Developers should use check_is_fitted
at the beginning of all methods except fit. If they need to customize or
speed-up the check, they can implement the __sklearn_is_fitted__ method as
shown below.
In this example the custom estimator showcases the usage of the
__sklearn_is_fitted__ method and the check_is_fitted utility function
as developer APIs. The __sklearn_is_fitted__ method checks fitted status
by verifying the presence of the _is_fitted attribute.
An example custom estimator implementing a simple classifier#
This code snippet defines a custom estimator class called CustomEstimator
that extends both the BaseEstimator and ClassifierMixin classes from
scikit-learn and showcases the usage of the __sklearn_is_fitted__ method
and the check_is_fitted utility function.

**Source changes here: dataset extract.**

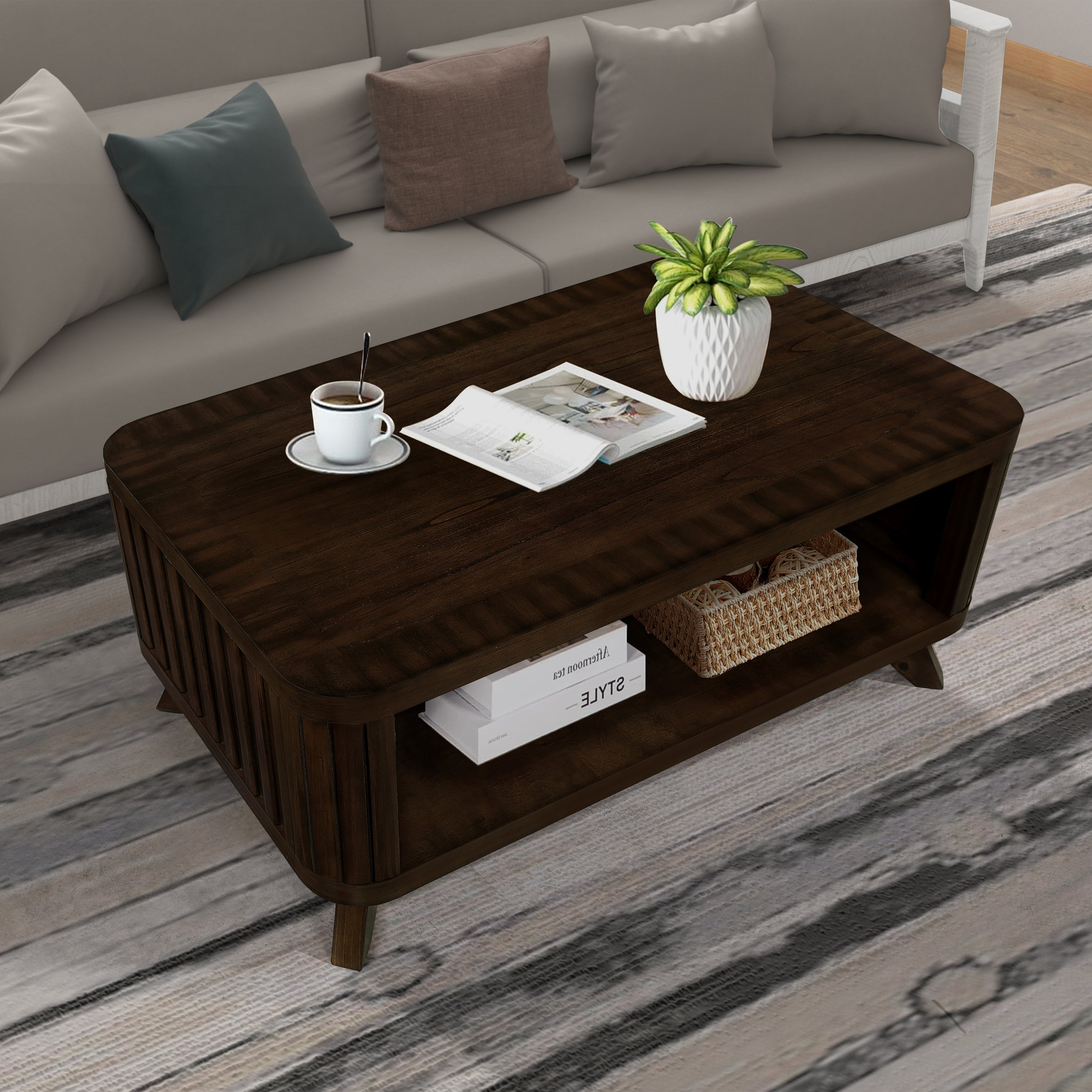 Rectangular Wood Coffee Table for Living Room, 41.5-Inch Coffee Table with Solid Wood Legs, Wood Center Table Tea Table with Open Storage Shelf. Easy Assembly,  Espresso
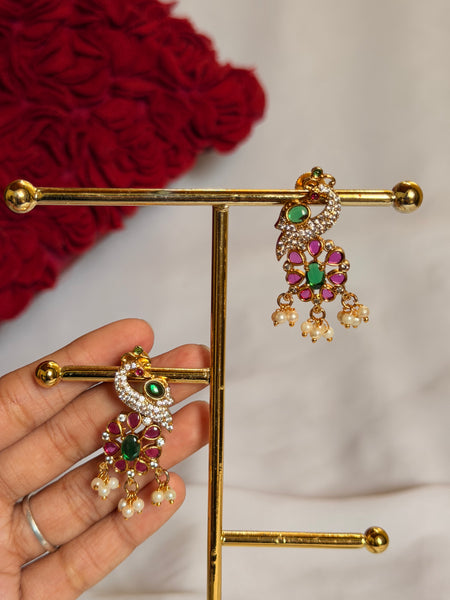 Ruby Emerald Peacock Earrings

# Authors: The scikit-learn developers
# SPDX-License-Identifier: BSD-3-Clause
from sklearn.base import BaseEstimator, ClassifierMixin
from sklearn.utils.validation import check_is_fitted
class CustomEstimator(BaseEstimator, ClassifierMixin):
    def __init__(self, parameter=1):
        self.parameter = parameter
    def fit(self, X, y):
        """
        Fit the estimator to the training data.
        """
        self.classes_ = sorted(set(y))
        # Custom attribute to track if the estimator is fitted
        self._is_fitted = True
        return self
    def predict(self, X):
        """
        Perform Predictions
        If the estimator is not fitted, then raise NotFittedError
        """
        check_is_fitted(self)
        # Perform prediction logic
        predictions = [self.classes_[0]] * len(X)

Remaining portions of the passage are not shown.